To visualize this process, your workflow might look something like this.
DEVELOPMENT DEVELOPMENT PREVIEW PREVIEW > STAGING > PRODUCTION (manual promote) ----------- ----------- ------- ------- ------- :feature-a :feature-b :pr215 :pr216 :master
Just as the Feature branch workflow, we recommend using multiple AWS accounts for your environments. Your Development and Preview stages might be in one AWS account, while your Staging and Production environments are in two different AWS accounts.
Note that, with traditional CI systems you usually need to do some extra scripting to set up the PR workflow; Seed does this out of the box and will remove all the resources associated with a preview stage as well.

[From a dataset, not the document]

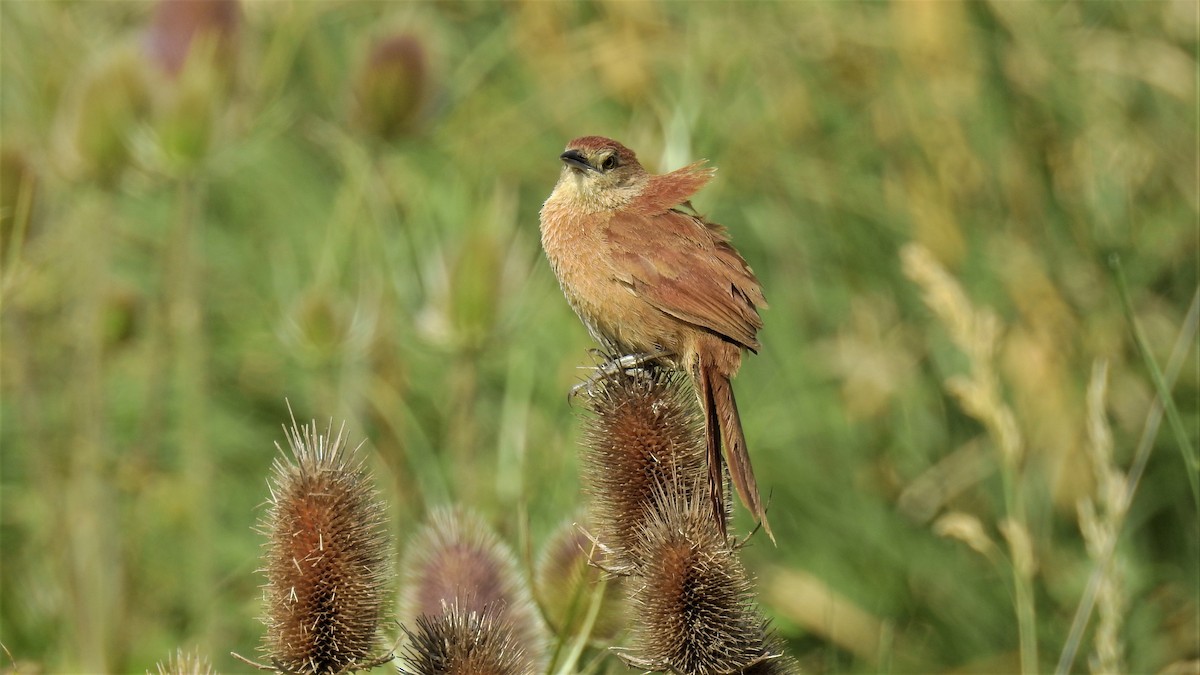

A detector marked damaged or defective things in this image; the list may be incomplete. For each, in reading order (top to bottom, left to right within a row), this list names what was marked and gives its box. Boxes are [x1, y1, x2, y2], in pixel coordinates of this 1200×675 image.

rusty-colored bird [540, 135, 772, 540]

To use this workflow in Seed, simply turn on the Enable Auto-Deploy PRs feature in your app settings.
This post should give you a really good idea of the different type of Git workflows that are common for Serverless apps. We recommend choosing one that works better for the size of your team. It doesn’t make a whole lot of sense to use a very complicated workflow if you are a single developer working on a weekend project. That said, it’s fairly easy to move through the various workflows listed above. And of course with Seed you can set one up in a couple of clicks!